I suspect that the case for online learning is at the same place that out-sourcing was ten years ago.  In the early 2000′s it was widely assumed that any IT operation could be run more cheaply out of India, Sri Lanka or the like.  VCs considering investment in a start-up wanted to see the entrepreneur’s out-sourcing strategy in their business plan.  But as more and more companies tried it many lessons were learned: phone calls, team collaboration sites, even video conferencing, none of these things replace regular face-to-face contact; time zones matter; cultural differences can surprise you; and costs rise.   New out-sourcing contracts dropped by 20% last year, prompting Forbes magazine to proclaim the death of out-sourcing because “offshoring in 2013 will no longer offer sustainable cost-savings over in-house IT support”.  Instead we talk about “near-shoring”, “right-sourcing”, and bring it all back in-house. There are certainly times and places where out-sourcing is the best option; but the gold rush is over and there are fewer beneficiaries then we expected.

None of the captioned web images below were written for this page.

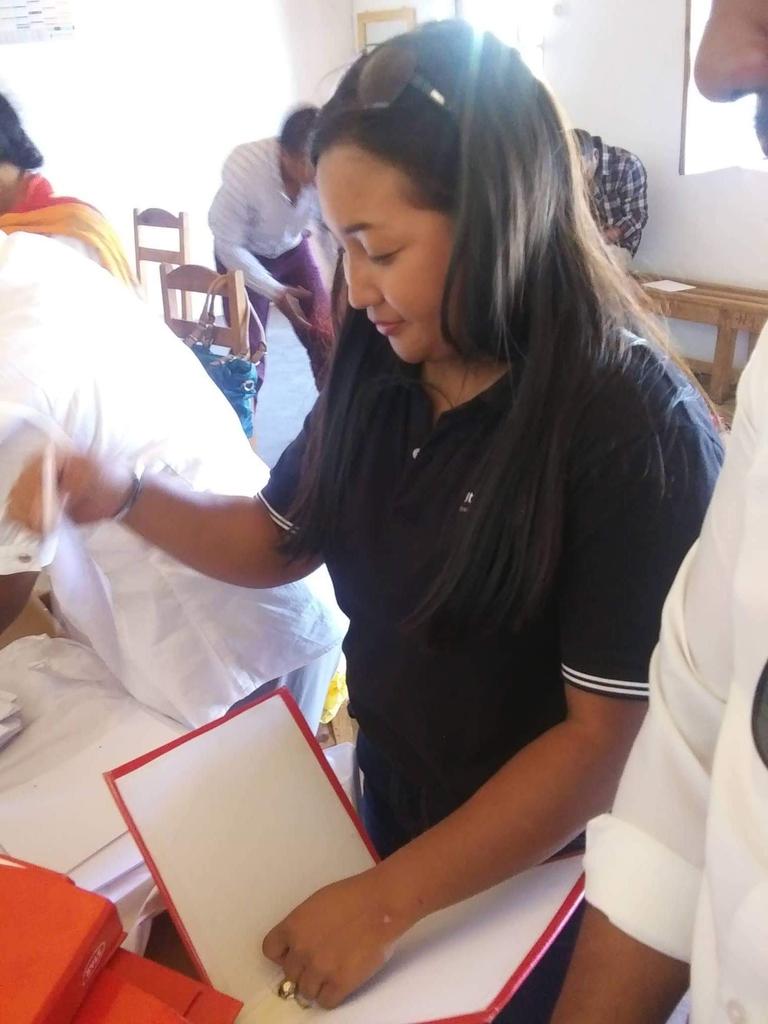 RotaractTsinjo's tweet photo. Ce mercredi 20 mars 2019: le #Rotaract Club Tsinjo a fait un don d'une centaine de classeurs remplis de feuilles aux élèves du Lycée/CEG/EPP Andoharanofotsy en partenariat avec l'association Vehivavy Liam-pandrosoana. 
#rotary #d9220
#BeTheInspiration
#peopleofaction https://t.co/XtNlBejNIR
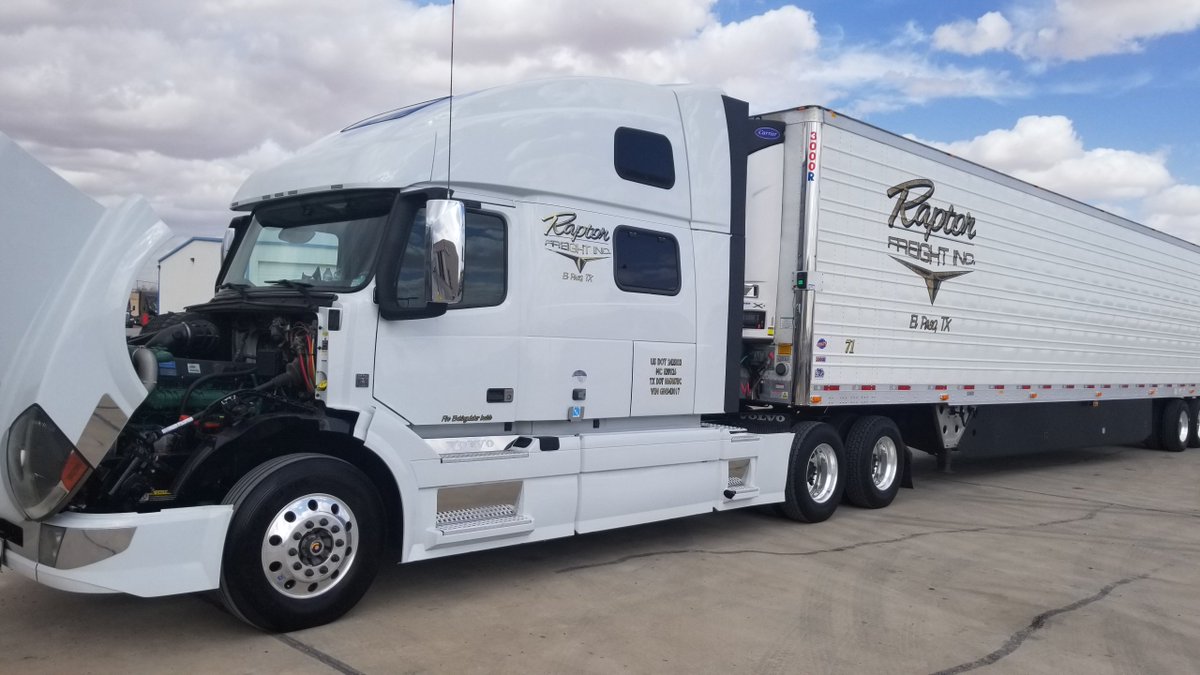 semitrucksales's tweet photo. 2016 VOVLO 780 - D13 w/ I SHIFT.  550K MILES - DUAL EXHAUST - fully loaded! $59,500 ready to work! - fob El Paso, TX https://t.co/LTuUGe2yTa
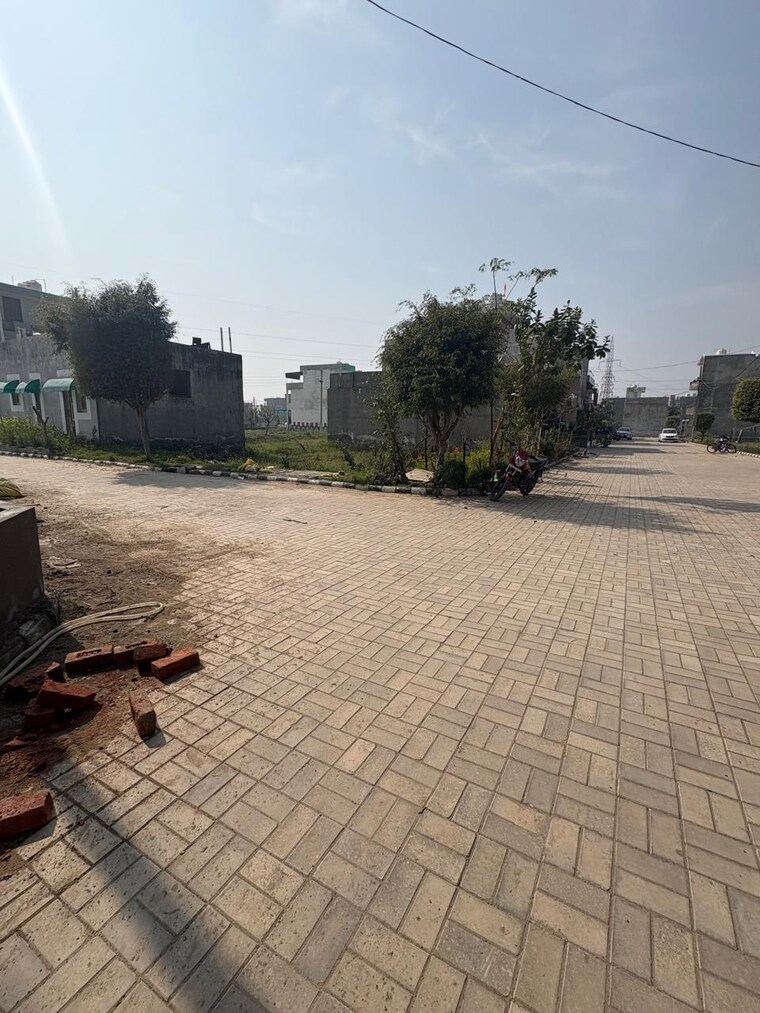  Parking, dera bassi 3 Bedroom 112 Sq.Yd. Villa In Dera Bassi Mohali 10017136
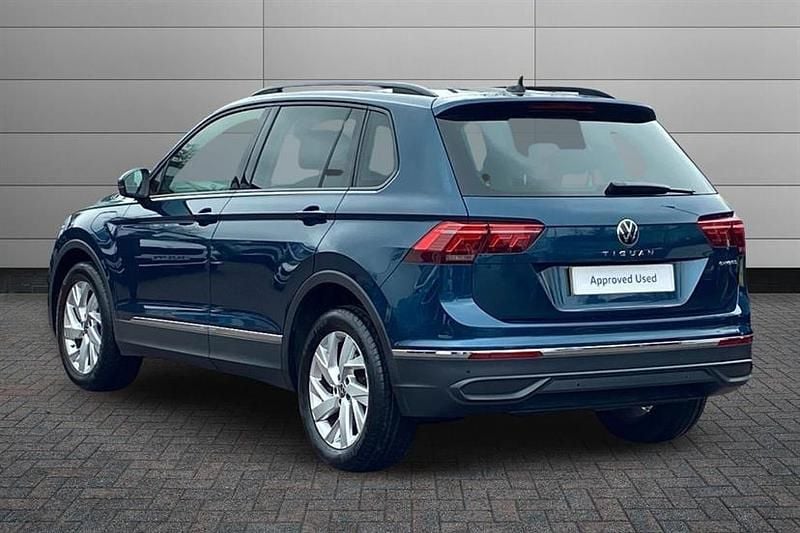 Used VW Tiguan Life 245 HP (180 kW) 2022 Nightshade blue SUV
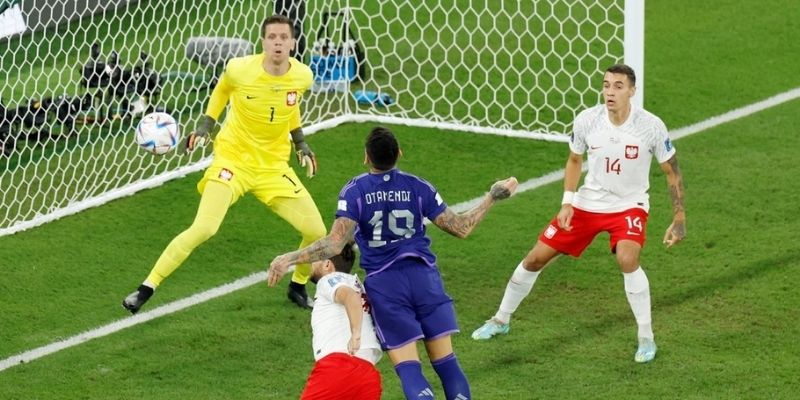 Dựa vào trạng thái bắt buộc ghi bàn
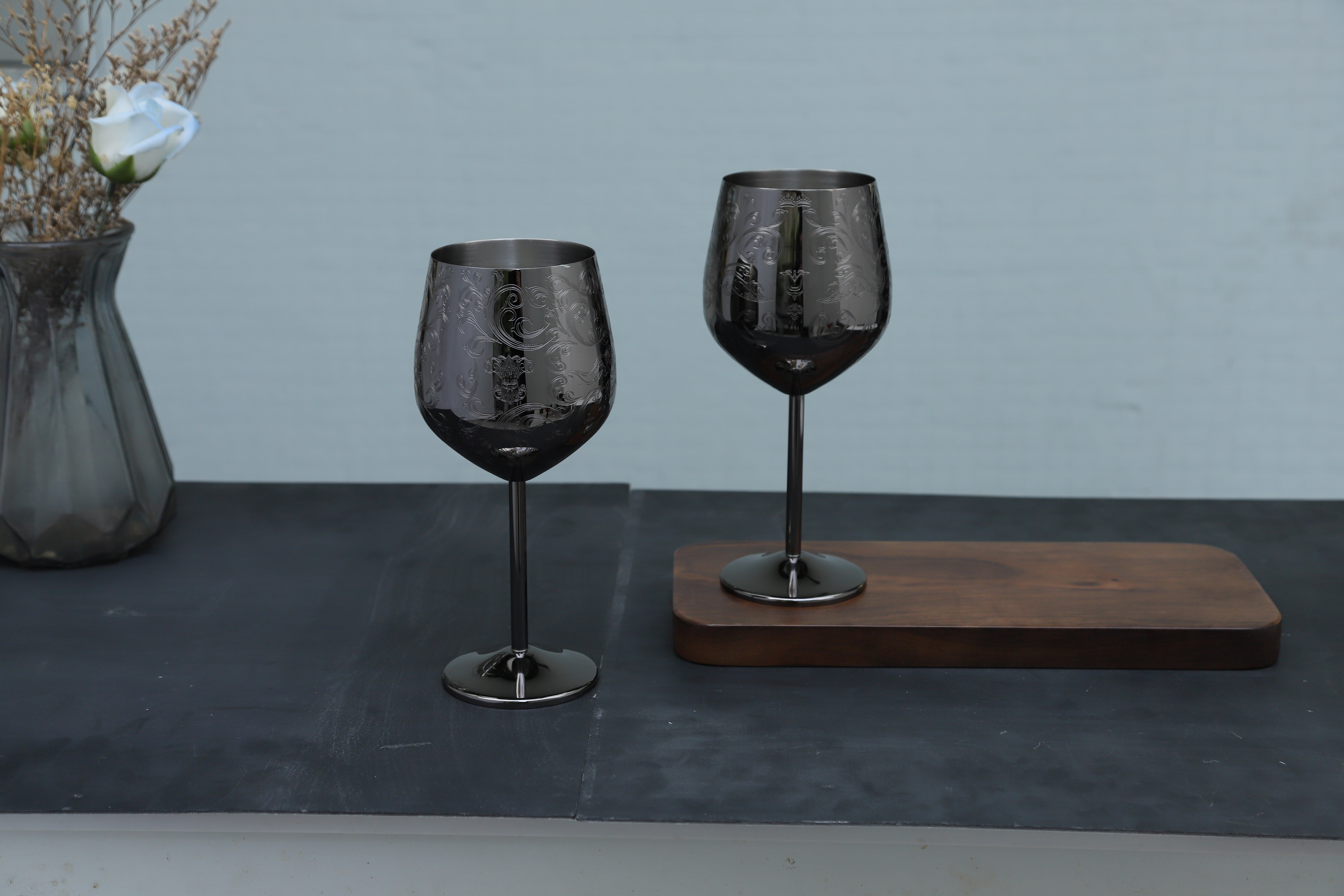 17oz Baroque Etched Stainless Steel Wine Glasses: Food-Grade, Versatile for Outdoor & Home Use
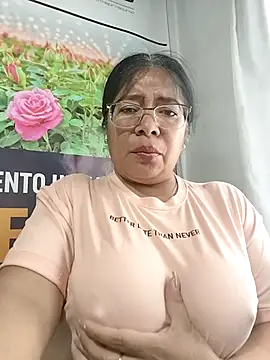 Snapshot of __valentina18 chatting on 05/09/26, 12:32 valentina18 online show from 05/09/26, 12:32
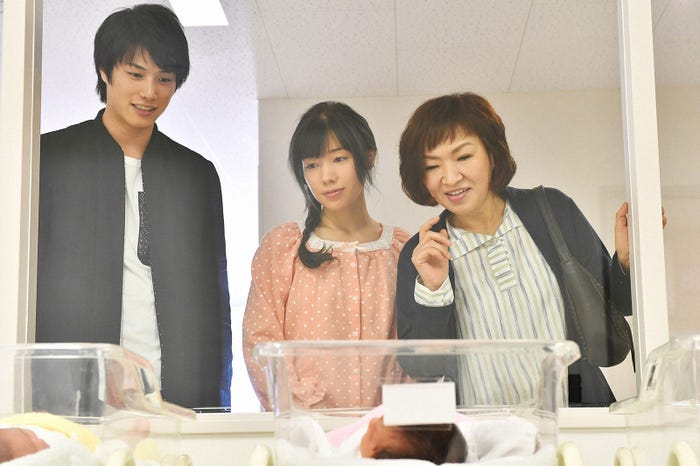 鈴木伸之、仲里依紗、清水ミチコ/「あなたのことはそれほど」第3話より(画像提供:TBS)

People are going to pay for professionals courses so brand-name universities will be tempted to supply them.  Even the best institutions have tight budgets, and while online courses will be discounted (many are now free; but tuition isn’t the only revenue possibility), the business case appears compelling.  So the MOOC gold rush is on, even though there are obvious contradictions to delivering a best-of-the-best professor’s lecture over wires.  Universities should consider the risk that in ten years’ time we will find ourselves where we are now with out-sourcing, still searching for evidence of a positive impact and surprised by the social and financial costs.

At that point, the Ivy League might have damaged their reputations by trying to deliver to a mass market.  If we convince enough people that there’s no difference between Harvard’s online and in-person education, and then provide it to the hundreds of thousands, will it still have the same value?  Can an institution expand in that way and retain the exceptional quality of the education that has made its reputation?  To the extent that Harvard’s product is superior to others, it must be a delicate thing.  It’s never easy to remain number one when there are the hundreds and thousands trying to emulate and surpass you.

And what about the role a university plays in its community?  There are symbiotic relationships with the companies, municipalities, clubs and individuals who live near any university.  If the focus shifts away from the thousands of students to the hundreds of thousands of online learners, might not this community become more diffuse and lose some of its quality?  It’s not just the institutions that have something at stake in the gamble being taken with MOOC initiatives.  Societies and reputations are both easy to damage and hard to repair.

It would be foolish to ignore the opportunities to profit in every sense from the MOOC movement; but it would be equally irresponsible to forge ahead without regard for the risks.  I expect to see disenchantment and back-pedaling within five years time.  If we call it “out-teaching” maybe we can keep the lessons of out-sourcing in mind.